Open gowthamgts opened 6 years ago
ping @Stebalien
I've fixed the recommended changes in code.
(I'd also kind of like to know why you need octal before we go through the process of defining and implementing it)
I was reading the code and found out base8 was missing and I had some time so. 😕
I was reading the code and found out base8 was missing and I had some time so.
Fair enough. That's also why we have base 2... But we'll still need some spec first.
Totally understandable. Thanks for your time.
@Stebalien: Can I implement base2 encoding in reference with RFCs?
Go ahead.
Regarding spec for base 8, I gave this some thought.
For bases that evenly break bytes into characters, pad to full bytes, this is base 2 (8 chars), base 4 (4 chars), and base 16 (2 chars). It makes sense for these to treat as bitstreams and pad out to whole bytes.
But for other power of two bases that don't evenly fit into a byte, use optional padding at the end. Examples are base64 (3 bytes = 4 chars), and base32 (5 bytes = 8 chars).
Base 8 (3 bytes = 8 chars) could fit in this style encoding.
Another option and the one JS currently uses is to convert to a large number and make leading zeroes represent null bytes similar to base 10 and base 58.

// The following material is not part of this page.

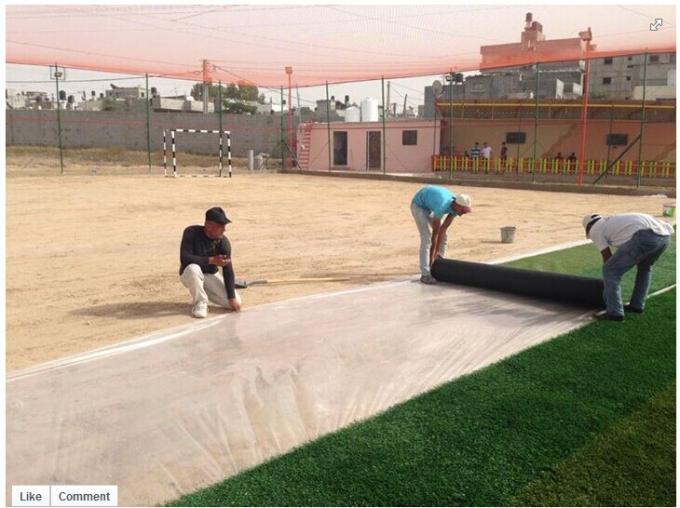 Outdoor Synthetic Grass For Playgrounds , Artificial Playground Grass PE Materal 2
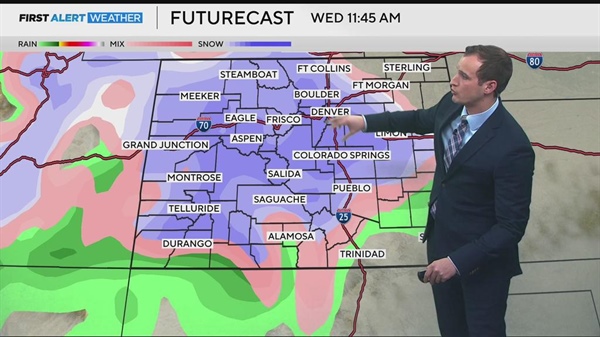 Several snow chances across Colorado's mountains, Denver ahead of Thanksgiving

I wrote a base-8 codec that works similar to base-32 and base-64 where you give it an alphabet and an optional padding character. https://github.com/filecoin-project/lua-filecoin/blob/master/base-8.lua
For example base8 with '01234567='
as alphabet using same style as base-32 and base-64:
Decentralize everything!!
->
72106254331267164344605543227514510062566312711713506415133463441102=====
hello world
- 7320625543306744035667562330620==
But if I instead use base-x (which is what the JS implementation currently does), it looks closer to the current test vectors, but different leading zeroes:
Decentralize everything!!
-> 71043126154533472162302661513646244031273145344745643206455631620441
hello world
- 764145330661571007355734466144
@creationix I'm fine with either but I'd like to go with what's commonly used in the community. Have you found any other users of base8?
I've not seen any others. I don't know if there is a common encoding for this. Logically, the same style as base-64 and base-32 makes the most sense.
So, the real question is, should we even bother? A viable option is to just drop base8.
Personally I see base-2 and base-8 both as unneeded. Is there any use case where they are the correct solution? Base-16 works everywhere and encodes much shorter and easier than them.
My recommendation is to either drop them to reduce the maintenance overhead for implementations or to go with the logical encoding as I've suggested if we must keep base-8.
Should creating a
base8_test
file would be the best case to increase coverage?